Ages Eligible for Study:   18 Years to 79 Years   (Adult, Senior)
Genders Eligible for Study:   Both
Accepts Healthy Volunteers:   No
Criteria

Inclusion Criteria:

  1. Subject voluntarily gives informed consent to participate in the study.
  2. Males and females aged 18 - 79 years at the time of informed consent.

    a. Females of reproductive potential must be non-pregnant (as confirmed by a urine pregnancy test at screening) and non-lactating, and will: i. Either abstain from intercourse (when it is in line with their preferred and usual lifestyle), or ii. Use two medically acceptable, highly-effective forms of contraception for the duration of study, and at least 30 days after discontinuing study drug.

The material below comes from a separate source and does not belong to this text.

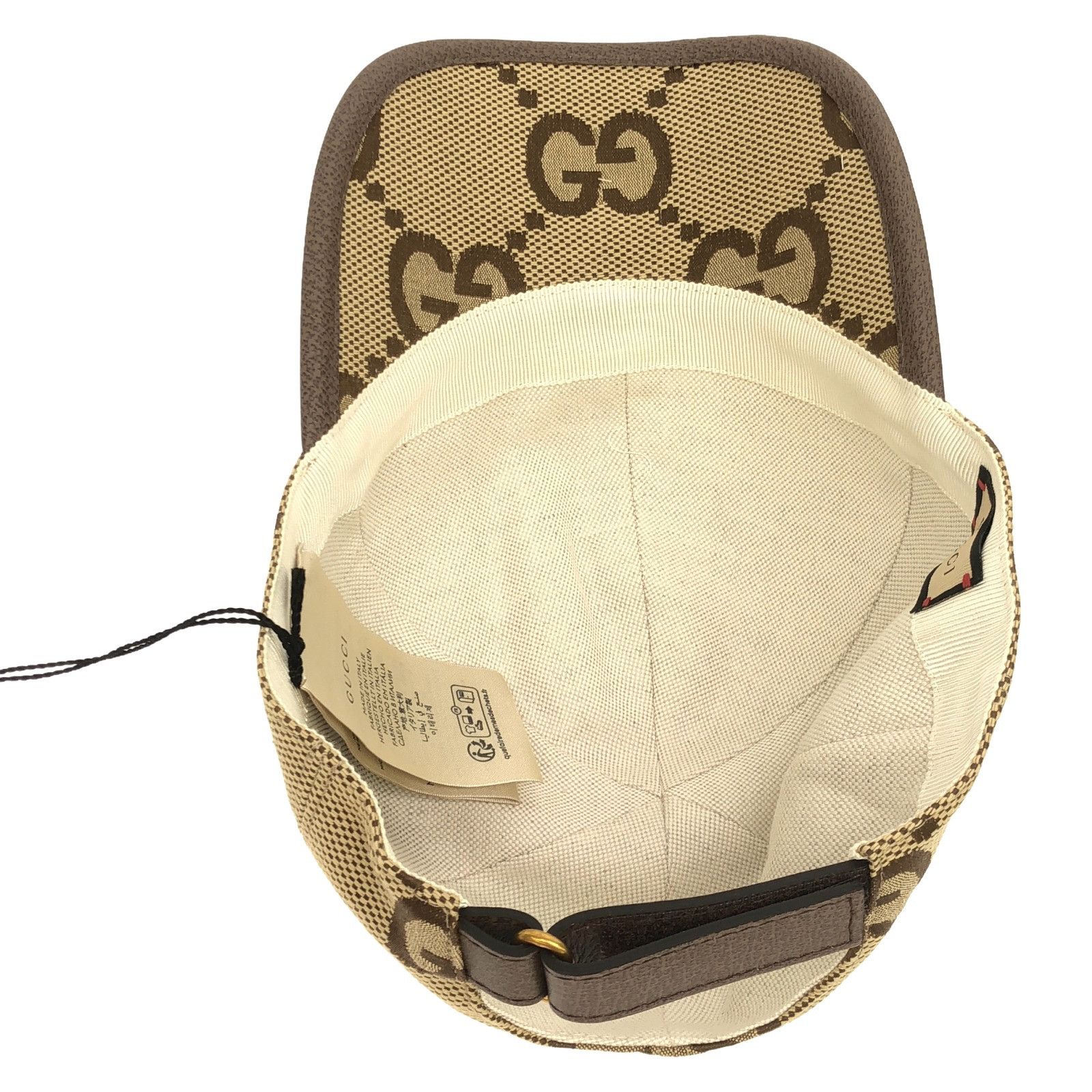Gucci Gucci Gucci Baseball Cap Cotton Cap Cotton Hats 6812643HAGJ2564L DUTY FREE for USA Size ONE SIZE - 4 Thumbnail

    b. Males must use a condom for the duration of treatment and for at least 48 hours after discontinuing study drug.

  3. The subject has a confirmed diagnosis (based on computed tomography [CT] imaging and pulmonary function tests [PFTs] performed within six months prior to randomization) of World Health Organization (WHO) Group 3 PH associated with one of the following:

    a. Idiopathic interstitial pneumonia (IIP) including: i. Idiopathic pulmonary fibrosis (IPF) ii. Idiopathic nonspecific interstitial pneumonia iii. Respiratory bronchiolitis-associated interstitial lung disease (RB-ILD) iv. Desquamative interstitial pneumonia (DIP) v. Cryptogenic organizing pneumonia (COP) vi. Acute interstitial pneumonitis (AIP) vii. Idiopathic lymphoid interstitial pneumonia viii. Idiopathic pleuroparenchymal fibroelastosis iix. Unclassifiable idiopathic interstitial pneumonia b. Chronic hypersensitivity pneumonitis (CHP) c. Occupational or environmental lung disease (drug or radiation-induced) d. Combined pulmonary fibrosis and emphysema (CPFE)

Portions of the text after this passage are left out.